The All Hands brewers have reached for the pep-up powder for Beer Of Skulls, a brown ale made in collaboration with Victoria’s Cartel Coffee Roasters. The name is a play on the origins of the coffee component; beans were sourced from a grower in Burundi called Gitwe Hill, which apparently translates in the native tongue as the rather ominous Place Of Skulls.
Coffee is often added to stouts and porters, where the rich and deep flavours integrate seamlessly with the natural characters of the malts. With a brown ale, the associations aren’t quite so stark; it’s just a little lighter in character, a little sweeter in nature. When being prepared for the brew, this particular coffee was apparently quite light in colour, something of a surprise to the brewers – and no doubt anyone else accustomed to peering into a total void of colour while sticking your nose into a regular shot of short black. But, for these purposes, it was entirely suitable, allowing for more distinction of flavours. So with Beer of Skulls you have coffee characters that almost feel as though they’re running a step ahead of the rest of the beer. As you sip away, you have deep, earthy fruits and dark berry character before the burnt roast comes roaring in behind. While the flavours being pursued here are inherently intense, they’ve been applied with a light touch.

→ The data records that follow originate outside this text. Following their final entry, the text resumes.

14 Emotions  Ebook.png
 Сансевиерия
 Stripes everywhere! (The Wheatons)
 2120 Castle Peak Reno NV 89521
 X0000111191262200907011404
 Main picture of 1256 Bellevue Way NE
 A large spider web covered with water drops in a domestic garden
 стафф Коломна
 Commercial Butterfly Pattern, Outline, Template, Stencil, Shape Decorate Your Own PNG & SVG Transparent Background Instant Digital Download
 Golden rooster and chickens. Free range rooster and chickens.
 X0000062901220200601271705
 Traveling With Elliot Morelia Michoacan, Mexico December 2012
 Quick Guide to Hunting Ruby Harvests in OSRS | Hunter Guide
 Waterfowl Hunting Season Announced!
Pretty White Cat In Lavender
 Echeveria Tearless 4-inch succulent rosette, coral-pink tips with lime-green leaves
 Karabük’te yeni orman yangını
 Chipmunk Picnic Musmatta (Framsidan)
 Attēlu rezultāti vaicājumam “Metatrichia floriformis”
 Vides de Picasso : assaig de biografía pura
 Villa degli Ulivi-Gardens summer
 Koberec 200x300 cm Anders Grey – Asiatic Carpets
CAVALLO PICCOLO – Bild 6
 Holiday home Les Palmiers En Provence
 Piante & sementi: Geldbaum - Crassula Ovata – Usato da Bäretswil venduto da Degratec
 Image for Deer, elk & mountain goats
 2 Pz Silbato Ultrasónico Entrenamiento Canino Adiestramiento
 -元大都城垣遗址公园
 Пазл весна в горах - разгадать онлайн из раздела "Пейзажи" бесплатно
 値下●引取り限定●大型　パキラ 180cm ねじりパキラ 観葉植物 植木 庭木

The other new beer on tap at All Hands is one that shows how a good name can be a great asset for a beer. It can mean the difference between someone choosing your beer or their beer. This pale ale or that pale ale. The label becomes the frontline in the battle for hearts, minds and mouths. But it has to be backed up by what’s in the glass. Once poured, the beer is nothing but naked and exposed. The only way to impress is by force of character.
Skinny DIPA works on every level. It’s funny and suggestive. It plays on the style. It pulls you in. And, once you’re in, you find more than you bargained for. You find it’s not so skinny after all. This is a big, chewy, resinous beer piled to the gunwales with tropical fruit character. This has more hops than any All Hands beer that’s come before – and by some margin. Six different varieties went in; three in the kettle, another three as dry hops. And in high doses. So, yes, it’s bitter, but not gritty. A steadying touch of caramel keeps it from tipping over. It’s still a big beer though, so take it slow. Just dip your toe in.